El nene murió en el momento, la madre pudo de alguna manera cubrir al bebé, y con heridas graves, en el cuerpo y en el alma, están vivas.

La irresponsabilidad, la culpa, el poco respeto por las normas, la impunidad con que se manejan estos casos son comunes en esta ciudad, y pasan estas cosas que indignan a la sociedad un día, desatan una ola de quejas y acciones que van languideciendo en la vorágine de lo cotidiano y en la espera del próximo incidente, que sin que pase demasiado tiempo, inexorablemente va a llegar. Les tocará a otros. ¿A nosotros?

En ese mismo instante empezó otra historia para esa familia. Cinco minutos antes, quizás ella  le dio un beso rápido al marido, le habrá dicho voy a buscar algo, me llevo los chicos y enseguida vuelvo. Pero no volvió, y arrancó la pesadilla. Nadie imagina que esto le puede pasar.

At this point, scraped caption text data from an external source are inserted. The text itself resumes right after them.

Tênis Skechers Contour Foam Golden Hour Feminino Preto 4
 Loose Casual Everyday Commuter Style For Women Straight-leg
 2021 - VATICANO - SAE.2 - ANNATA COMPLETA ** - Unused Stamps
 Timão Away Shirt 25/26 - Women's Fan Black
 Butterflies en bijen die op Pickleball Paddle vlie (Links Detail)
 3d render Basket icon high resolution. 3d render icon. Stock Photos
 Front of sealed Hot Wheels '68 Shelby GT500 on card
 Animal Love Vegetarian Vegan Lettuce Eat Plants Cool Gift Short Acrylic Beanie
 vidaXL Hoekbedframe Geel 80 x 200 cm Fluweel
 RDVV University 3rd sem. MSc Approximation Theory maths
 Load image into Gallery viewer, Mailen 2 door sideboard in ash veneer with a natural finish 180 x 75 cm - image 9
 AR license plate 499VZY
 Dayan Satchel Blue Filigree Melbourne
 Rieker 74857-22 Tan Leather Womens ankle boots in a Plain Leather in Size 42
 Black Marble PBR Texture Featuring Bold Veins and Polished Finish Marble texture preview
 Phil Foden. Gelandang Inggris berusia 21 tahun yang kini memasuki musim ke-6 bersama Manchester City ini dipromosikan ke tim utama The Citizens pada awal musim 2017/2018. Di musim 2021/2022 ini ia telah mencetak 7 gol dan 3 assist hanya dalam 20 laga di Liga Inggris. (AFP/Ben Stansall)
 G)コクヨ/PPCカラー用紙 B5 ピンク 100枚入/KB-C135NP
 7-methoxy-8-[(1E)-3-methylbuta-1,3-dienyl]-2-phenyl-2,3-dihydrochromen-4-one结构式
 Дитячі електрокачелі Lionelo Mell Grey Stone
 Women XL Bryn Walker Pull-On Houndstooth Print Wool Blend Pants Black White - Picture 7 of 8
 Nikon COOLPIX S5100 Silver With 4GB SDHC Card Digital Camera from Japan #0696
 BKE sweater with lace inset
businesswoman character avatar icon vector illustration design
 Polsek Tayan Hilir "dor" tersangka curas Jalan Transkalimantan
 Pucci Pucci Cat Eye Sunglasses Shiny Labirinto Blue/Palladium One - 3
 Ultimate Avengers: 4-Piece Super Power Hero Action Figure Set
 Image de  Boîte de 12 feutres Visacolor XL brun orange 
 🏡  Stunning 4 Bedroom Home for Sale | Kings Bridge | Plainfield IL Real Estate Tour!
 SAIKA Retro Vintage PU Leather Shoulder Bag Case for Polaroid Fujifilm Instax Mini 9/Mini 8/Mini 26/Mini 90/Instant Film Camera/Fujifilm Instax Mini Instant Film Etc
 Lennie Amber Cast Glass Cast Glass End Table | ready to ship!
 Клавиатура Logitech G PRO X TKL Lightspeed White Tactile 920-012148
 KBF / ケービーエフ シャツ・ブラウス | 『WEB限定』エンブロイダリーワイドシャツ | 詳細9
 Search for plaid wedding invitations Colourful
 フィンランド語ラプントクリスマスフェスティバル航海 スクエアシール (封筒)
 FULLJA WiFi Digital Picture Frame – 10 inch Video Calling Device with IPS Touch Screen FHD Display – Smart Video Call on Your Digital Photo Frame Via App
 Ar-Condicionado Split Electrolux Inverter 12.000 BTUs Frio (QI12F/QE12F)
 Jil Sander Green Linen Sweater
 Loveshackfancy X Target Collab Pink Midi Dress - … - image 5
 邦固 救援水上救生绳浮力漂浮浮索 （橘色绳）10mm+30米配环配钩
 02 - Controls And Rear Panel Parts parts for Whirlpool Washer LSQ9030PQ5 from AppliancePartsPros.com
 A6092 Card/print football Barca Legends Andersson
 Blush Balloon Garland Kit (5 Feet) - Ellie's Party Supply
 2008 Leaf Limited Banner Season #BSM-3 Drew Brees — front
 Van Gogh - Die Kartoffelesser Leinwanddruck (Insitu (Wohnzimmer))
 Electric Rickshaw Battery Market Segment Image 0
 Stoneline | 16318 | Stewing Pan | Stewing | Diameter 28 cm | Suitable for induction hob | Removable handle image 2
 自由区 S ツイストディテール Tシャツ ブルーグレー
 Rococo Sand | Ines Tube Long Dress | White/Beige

Cuando pasan estas cosas, es cuando me acuerdo de pensar que uno se levanta a la mañana, previendo que será un día más, que las horas pasarán según el ritmo que uno le imponga, haciendo planes para la noche, para mañana, para el mes próximo, para las vacaciones del verano, para el cumpleaños de quince o las bodas de plata. Qué difícil pensar que uno puede salir a la mañana y quizás, que ese sea el día en que nos sorprenda la muerte, dejando cosas pendientes: palabras sin decir, disculpas sin pedir, enojos sin perdonar, cosas sin terminar, cajones sin ordenar, cosas íntimas sin guardar… como si anduviéramos por la vida pensando que la muerte es algo que nos va a pasar, pero muy seguros de que eso no va a suceder mañana.

¿No nos sentimos rayando la inmortalidad, por más que nos digamos una y otra vez que somos bien conscientes de lo finito de nuestra vida? ¿No nos olvidamos de esto en el mismo instante que nos dormimos pensando que mañana será otro día? ¿La muerte no es la de los demás, más que la de uno mismo?

La muerte nos va a alcanzar, aunque eso no va a pasar mañana… ¿Quién lo puede asegurar?